Что такое настоящее время? – спросит меня иной. – Настоящее время есть пища для сердца, для чувств и ума. Просим покорно, чем бог послал!… А какая дичь!…

XXXVI

Здесь следовал в манускрипте моем расход на обед мой 25 июля 1830 года; но я не помещаю его, как вещь уже прошедшую, хотя никогда не худо заглянуть на прошедшие свои расходы. Подобно полному кошельку, и мы истощаемся, чахнем, и после издержек, в продолжение многих лет, на горе, чувственные удовольствия, болезни и т. п. вещи остается на нас сухая, бесплодная земля – и только.

Когда же упадет роса,
На цвет, поблекнувший от зною?
Тогда ль, как сдвинутся с землею
Таинственные небеса?
Я года за три беззаботно,
Без дум, без ожиданий жил:
Тогда какой-то дух бесплотный
Меня без отдыха носил
От чувств к страстям, от них к желаньям,
От бездны к светлым небесам,
С небес к земным очарованьям,
От прошлых к будущим годам,
И духом был тогда я сам!

Здесь каждый понятный человек должен себе представить, что день кончился, что мы приехали на ночлег, хотя еще не известно ему, где остановились.

XXXVII

Если б я был женат или, лучше сказать, имел бы миленькую, хорошенькую и добренькую жену, – я ни за что на свете не решился бы расставаться с нею надолго и иначе путешествовать, как теперь, т. е. не сходя с покойного своего дивана. Вот почему: между старыми своими бумагами я нашел записную памятную книжку, а в ней следующее заключение: «после долговременного отсутствия забвение встречает неожиданный возврат взором ненависти». -

Так после покоренья Трои
Вожди, цари и дивные герои
Чрез десять лет в отечестве своем
Холодный встретили прием.
По вожделенном возвращенье
И даже сам Агамемнон
Постель свою и царский трон
Застал в чужом распоряженье [51].

Впрочем, это ничего не значит.
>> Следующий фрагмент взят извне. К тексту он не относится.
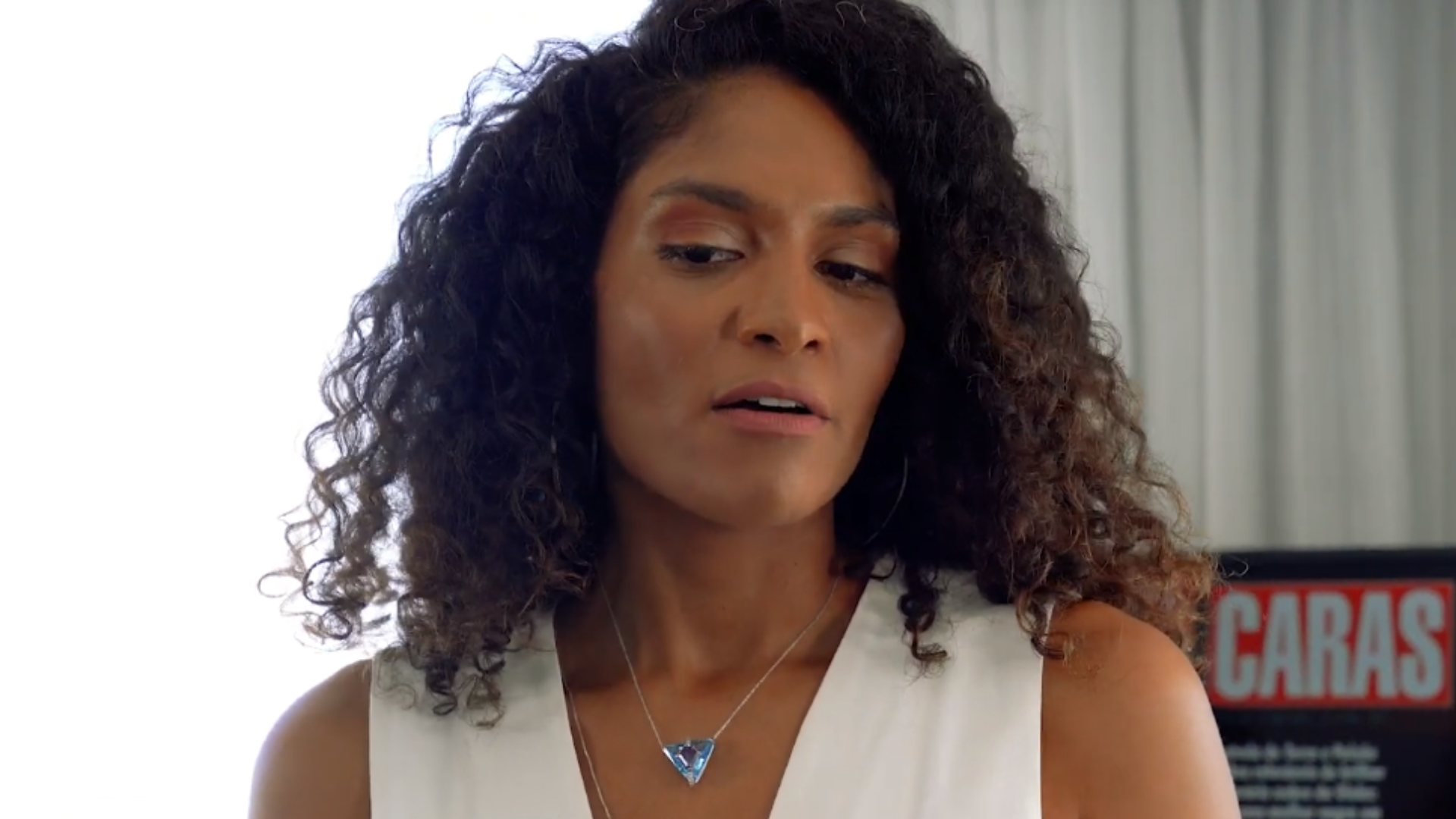Barbara Reis relembra impacto após mensagem de representatividade: ‘Incomodou muitas pessoas’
Агамемнон был великий полководец, но худой муж. – 10 лет! Господи боже мой! где мое терпенье! ни разу не побывать в отпуску! не подать о себе вести, и в какое же время? – за 1184 года до Р. X. У нас, просвещенных христиан, только 7 лет безвестного отсутствия уничтожают брачные связи[52], и жена свободно может отдать свою руку, сердце, все движимое и недвижимое имение другому, и поделом, и по закону! – не пропадай от жены!

XXXVIII

Жениться прекрасно.

В домашней неге я бы плавал:
Жена, семейство – рай земной!
Хоть между мужем в женой
Почти всегда посредник дьявол!

Это также ничего: недостатки или дополнения в отношении нравственном могут тем или другим образом быть исправлены; но кроме этого к женитьбе бывают иногда невыгоды совершенно материальные. Вы вообразите, что если вы заключаете в себе вес или тяжесть единицы, а подруга ваша так легка, как ноль; если она подле вас с левой стороны, то это не беда, вам не делается от этого тяжелее; но если этот нолик стоит с правой стороны, то есть сочетан с вами по математическим и гражданским законам, то вообразите, что вам в десять раз труднее двигаться с места и в десять раз увеличиваются ваши потребности. Не правда ли? Вот что значит жениться; а вы думали, что вы да она=2? Нет!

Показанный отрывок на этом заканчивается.